Blog

Share This Post

COVID-19 / Santé

CORONAVIRUS SARS-CoV-2 : Transmission par la toux et l’aérosol !

CORONAVIRUS SARS-CoV-2 : Transmission par la toux et l’aérosol !

La pandémie de Covid-19 est due au coronavirus SARS-CoV-2. Il est un sous-groupe de la grande famille des coronavirus.

Deux sous-groupes ont été à l’origine d’épidémies mortelles en ce début du XXI éme siècle.

Il s’agit d’abord du Coronavirus du syndrome respiratoire aigu sévère qui a été identifié lors de l’épidémie qui s’est déroulé de 2002 à 2003.

Il s’agit ensuite du Coronavirus du Syndrome Respiratoire du Moyen-Orient ou MERS-CoV qui a été identifié lors de l’épidémie qui à débuté en 2012 avec des cas sporadiques en 2014-2015-2018-2019-2020. Autant dire que cette épidémie se poursuit jusqu’à présent.

Quant au Coronavirus du syndrome respiratoire aigu sévère 2 il a débuté en chine dans la ville de Wuhan, dans la province de Hubei en novembre 2019 pour rapidement s‘étendre au reste du monde.

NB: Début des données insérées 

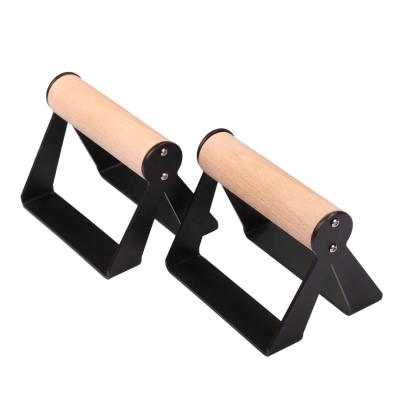 China Aifun Factory Price Fitness Bodybuilding Exerciser Metal Steel Muscle Handle Lift Up Bar Wooden Push Ups Racks for sale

Coronavirus SARS-CoV-2 est de transmission aérienne

Des données sur la transmission aérienne du coronavirus sont établies depuis des années. La transmission par les gouttelettes est connue depuis les premières pandémies à coronavirus, mais celle par aérosol vient d’être émise à l’occasion de la pandémie actuelle à Coronavirus SARS-CoV-2.

Les microgouttelettes émissent lors de la toux

Le coronavirus est transmis d’homme à homme par contact direct et/ou indirect.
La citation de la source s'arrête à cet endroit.